The 100 pots have returned to the place where they were made: the Tewa world. The vessels and other pottery forms were collected from potters at the six Tewa Pueblos — Nambé, Pojoaque, San Ildefonso, Ohkay Owingeh, Santa Clara, and Tesuque — in the late 19th and early 20th centuries.

The circumstances of their return are special, and not directly related to the 1990 Native American Graves Protection and Repatriation Act (NAGPRA). An abundance of items identified as having “cultural patrimony” value, as well as human remains and funerary and sacred objects, have been returned to descendant tribes under this act — but these pots are different.

“It’s kind of what was left after that, beyond NAGPRA,” says Karl Duncan (Arikara/Hidatsa/Mandan/San Carlos Apache), executive director of the Poeh Cultural Center at the Pueblo of Pojoaque. “They don’t fall under the terms of NAGPRA.”

Duncan says there are hundreds of pots and other materials “still out there,” so tribes are trying to find other ways to bring them back. One way is to create partnerships with institutions like the Smithsonian and its National Museum of the American Indian.
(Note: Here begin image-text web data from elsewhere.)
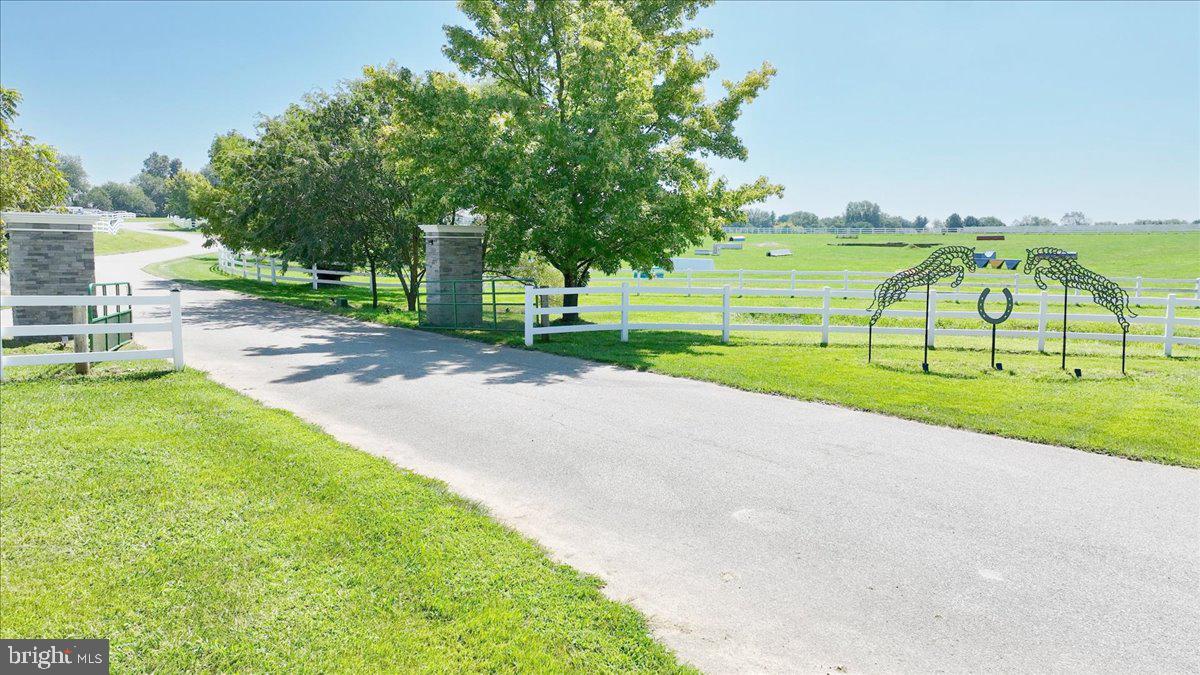 400 N Guernsey Rd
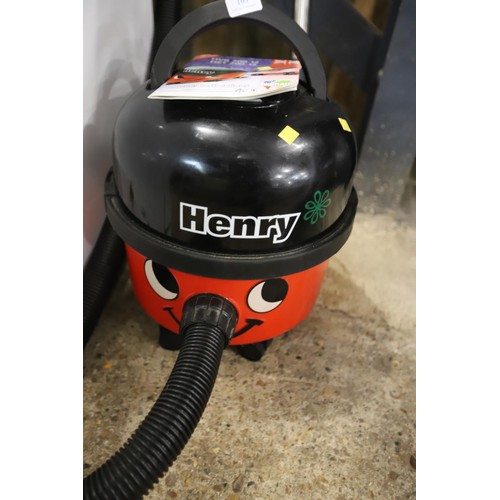 109 - Henry cleaner - warranted until 12 noon Tuesday following the above sale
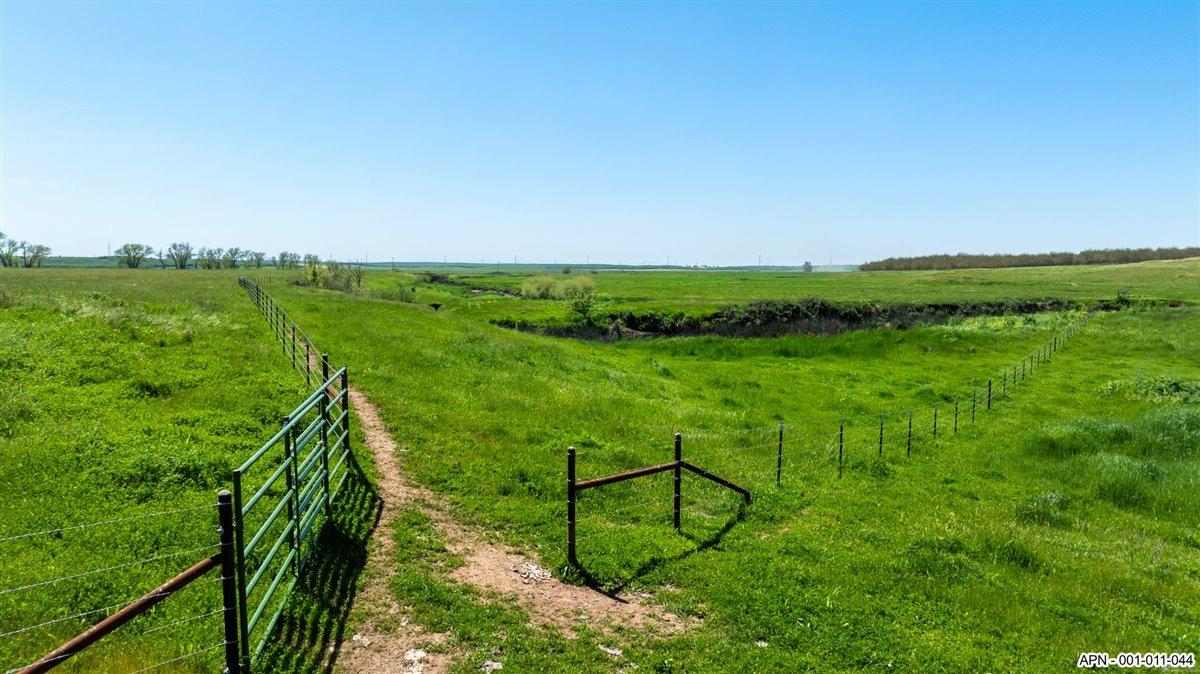 44 26 Mile Rd, Oakdale, CA 95361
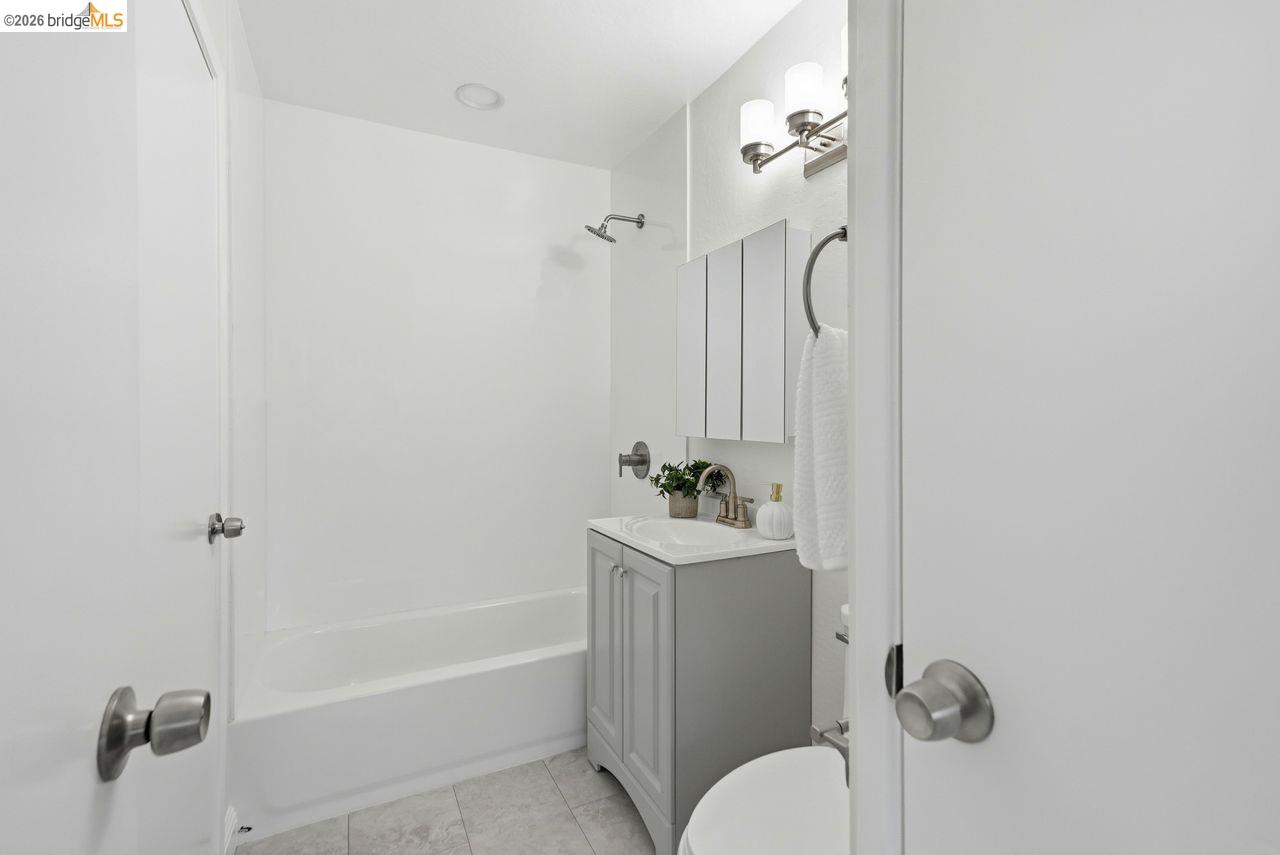 Photo #21: 41138611 Listing: Photo #21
“They do loans to communities on a regular basis, but this is a very long-term loan, and as we continue down this road, we get more comfortable with the idea of it being an indefinite loan. It’s still the property of the Smithsonian, but we’re the stewards on-site,” Duncan says. 

“The Smithsonian doesn’t have formal paperwork or even the terminology for what we both agree it should be, so that’s the next exciting step: What is this going to become?”

“We’re all really excited at NMAI about this,” says Cynthia Chavez Lamar, assistant director for collections at the National Museum of the American Indian, who was at the Poeh Center in late September. “It is our responsibility to provide access to these collections and especially if the community approaches us and wants to do something, we do everything we can to make that happen.”

NMAI is also currently working with the Makah Tribe in Neah Bay, Washington, and with the White Mountain Apache Tribe in Arizona on repatriations and long-term loans.

Chavez Lamar says the 100 pots were selected from a collection of several hundred at NMAI. That work started in 2016 and ended with the recent transportation of the pots. “It was a huge planning feat to have them all individually conserved,” Duncan says. “The mounts were custom-made for each pot. They came in 12 big crates on a semi truck. That was scary, knowing that they were moving across the country. Then they had to sit for four days to acclimate to this environment, compared to where they came from, the museum storage in Suitland, Maryland.”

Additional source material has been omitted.